Rethinking Sacrifice

Rethinking Sacrifice

What might the cross teach those who sacrifice too much, those who over-give of themselves? What can people learn who live with subtle and debilitating forms of deep resentment—even rage and shame—because they do not stand up enough for themselves? What about individuals who live under the impress of both structures and ideations adversely internalized? What about those of us (and it is almost all of us, in some way) who labor for others without tending to our own needs for rest, peace, and sincere affection? What about you?

Rev. Toby Sanders at Beloved Community in Trenton, New Jersey. (Photo credit: Michael Mancuso/The Times of Trenton).

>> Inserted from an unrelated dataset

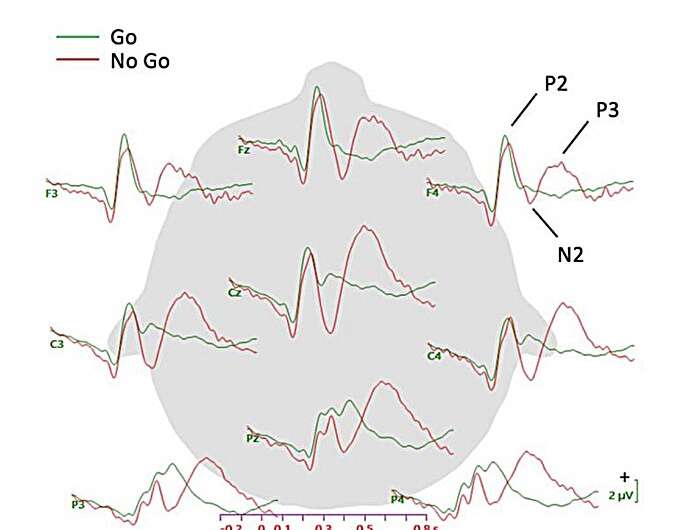 Study suggests that the neural correlates of mind-wandering can vary across different tasks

The cross is there for you too. It is an end to under-appreciating yourself and under-valuing yourself; a renunciation of the martyr complex, if you can see what Jesus does for you and endures for you. In one sense, here, at the cross, you are the point: there is a light at the cross. Jesus does something there for you—something you cannot do for yourself, something that you need done so that you can stop trying to get it from your work…a truly unconditional thing: a release.

One of the gravest mistakes of the tradition of faith that I walk and love
 is the valorization of the violence of the cross, mixed with a shallow celebration of the heroism of the spectacle. It makes many of us inordinately emphasize sacrifice as negation, asceticism as an idolatrous form of faith. This often leads us ironically to hunger to be recognized for our sacrifice. When we are not…it leads destructively to resentment, to vicious forms of passive-aggressiveness that masquerade as “help” but are really desperate measures to punish and control. Christians, I believe, are the worst when it comes to this.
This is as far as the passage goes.